I am a 45 Y/O male living in the same world as you. Im married for 20 years. My wife and I have a fairly strong marriage with the only issue is her lack of communication with me. Does not share her problems until they blow. This has caused us issues on and off throughout our marriage. We have had a very strong sex life for 15 of those 20 years. She had a hystectomy 6 years ago. Shortly after that, she began to gain weight, experience uncomfort during sex and lose her sex drive drive. She also lost all intimacy and closeness. Quite frankly we live like Brother and sister. 

I am a very intimate man and have a strong sex drive. With the exception of the occasional oral sex ( 2 way) sessions, which happens rarely at my heavy prodding, there is nothing else. Not even intimate conversatios. Remember, I crave intimacy. I love my wife and want to be close to her. 

For years now, I have done research looking for help, I have begged her to speak to her Dr about help. I have asked her to seek therapy. She always says she will but never has, and I suspect never will. She now wont even discuss the topic. We have not had intercourse in 4 years. Just the occasional 2 way oral sessions roughly 1x a month give or take. 

The reason I say stay away from going outside of your marriage is that I almost made that mistake. I wound up connecting heavily with someone who became a very close confidant. We connected on what seemingly was every level. Long story short, we did not sleep together but it became very apparent where it was going and it stopped, very painfully. The emotional, intimate connection was so intense it was scarey. 

So I am still here in the same situation. I love my wife, the mother of my 2 kids and want to spend the rest of my life with her, but she has made it very clear to me that there will be no intimacy and intercourse in our marriage. I cant help but feel, OMG, I am 45 years old, and I will NEVER experience that feeling, with someone I care about...EVER again. That is terrifying and very sad. And to be honset I am very sympathetic to her problem and try to help, I do have a bit of resentment that she is completely discounting my feelings and not making 1% effort in helping the problem. 

But I made a commitment to my wife when we marriedand this is where I am.

So if you do stray, I understand what drove you there, Ive thought about it myself. Although it may start off as only physically satisfying your need, it will become emotional and will only complicate your situation. 

God I wish there was a live group thatr handles this type of stuff. It is a very delicate and damaging situation. 

Good luck buddy, your not alone


----------



## awake11 (Jul 5, 2011)

sorry - deleted


----------



## Shaggy (Jul 17, 2011)

I've been following this forum for a year, but your posting moved me enough to both register and to comment.

Look, I understand the feeling you are lacking with your husband, but you need to understand the act of cheating has shocked him to the core. So yes, you have lost a lot of freedom and rights here. You made the choice to cheat, and that very much is the consequence of the choice.

I do think this might be saved, but it's going to require you to lay open your soul and freedom to your husband. Basically, you're going to have to follow through on those things you promised to do when you got married.

You need to go through a long period of clear remorse for your choices. You husband's foundation of trust has been destroyed and you need to rebuild it. Try to image if he had cheated instead of you.

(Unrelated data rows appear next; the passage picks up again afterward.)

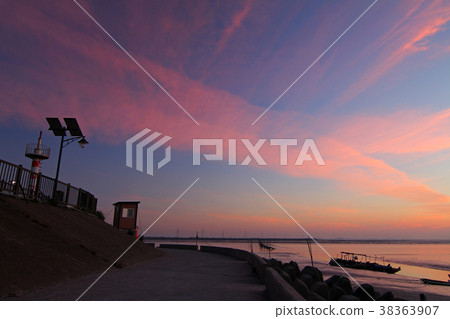 風景，天空，太陽下降，龍井，麗水漁港，晚上，竹簍 38363907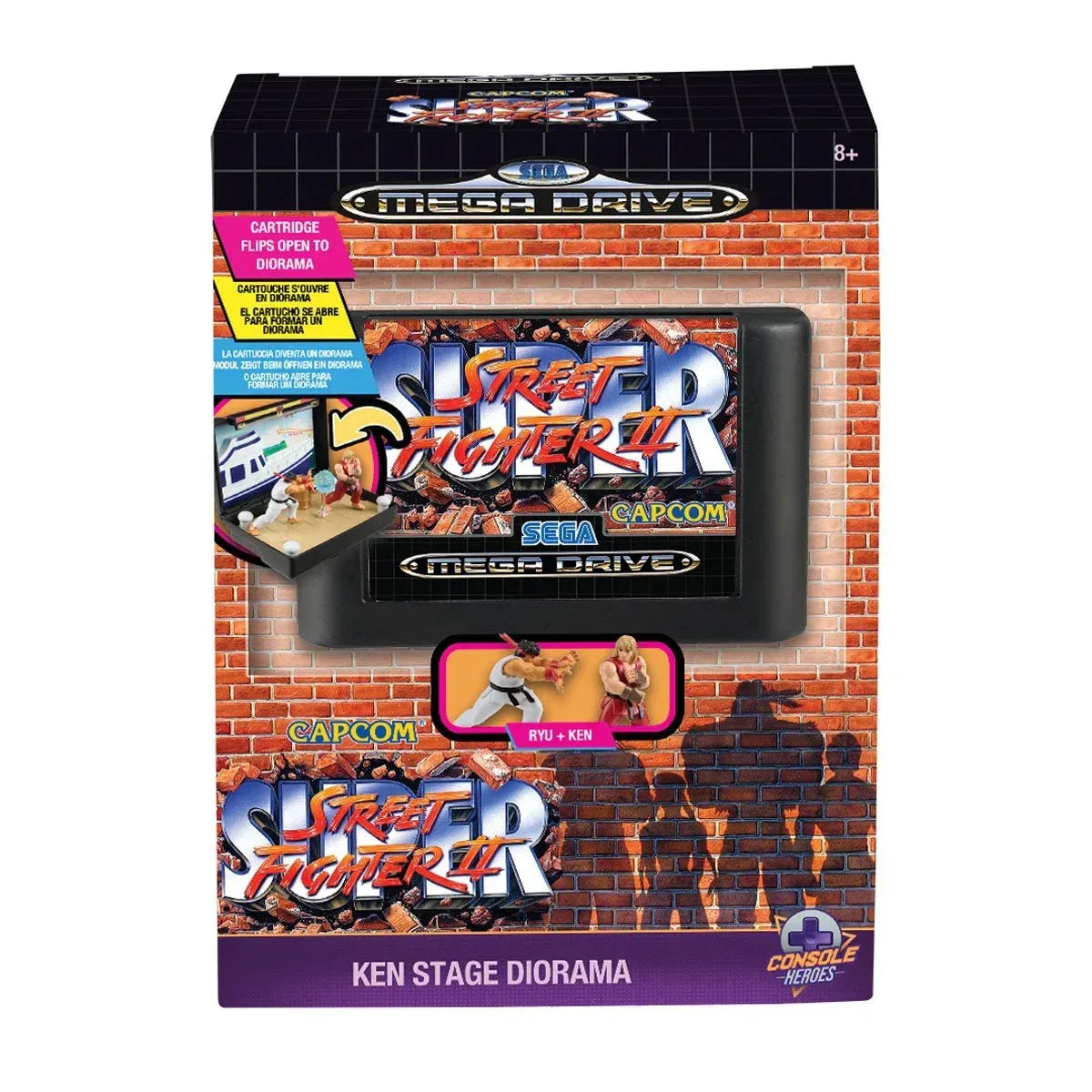 Console Heroes Sega Mega Drive Street Fighter II Cartridge Diorama Playset - Glass City Comics & Collectibles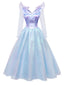 Blau 1950er Böse Hexe Netz Kleid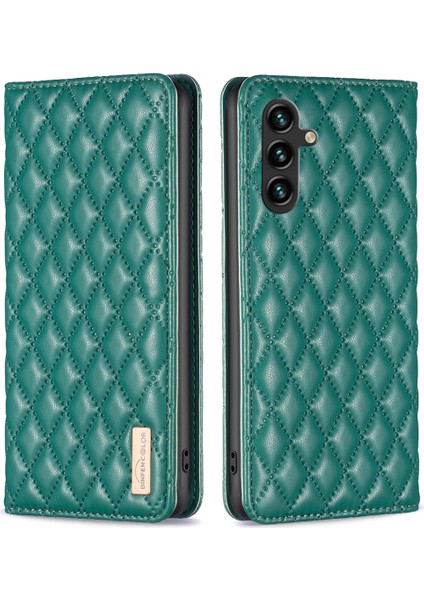 Samsung Galaxy A56 5g 5g Kılıf Kart Yuvalı Eşkenar Dörtgen Deri Kılıf-Yeşil (Yurt Dışından)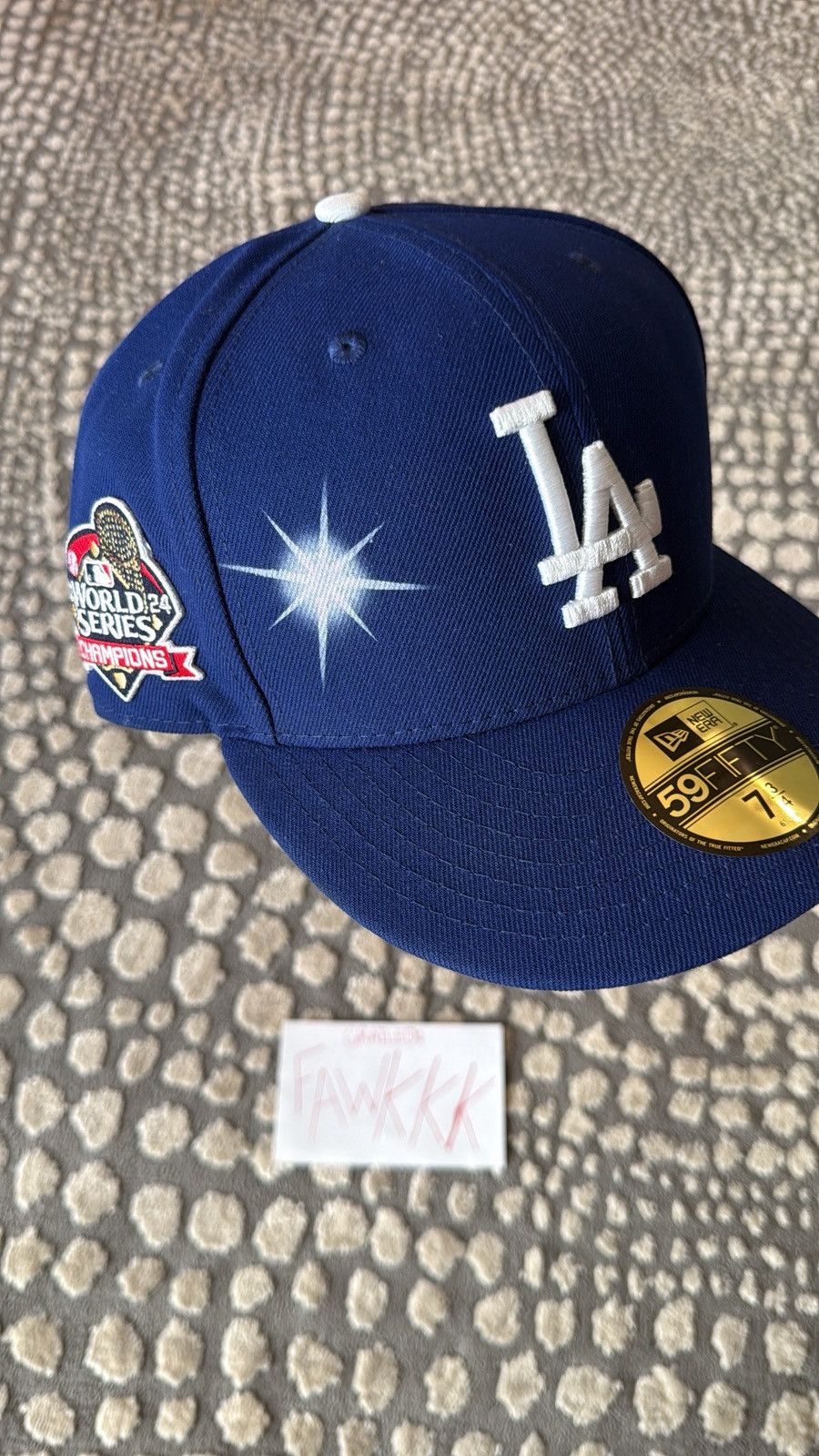 Ay El Ay En LA Dodgers Blue Fitted Hat 2024 World Champs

Image the rage, hurt, loss, insecurity you would feel.

You pledged to care for this man in sickness and in health. He is now soul sick because of your cheating. Are you going to stand by him and re-honor your vows?

Be patient with him. He is going through the death of your first marriage relationship. If you can stick with him, the two of you can create the new second marriage for both of you. Realize the first one is gone. Are you woman enough to do it?

Show him he is you're #1 choice and #1 priority. 

Show him you are going to do everything you can do make him happy and to rock his world.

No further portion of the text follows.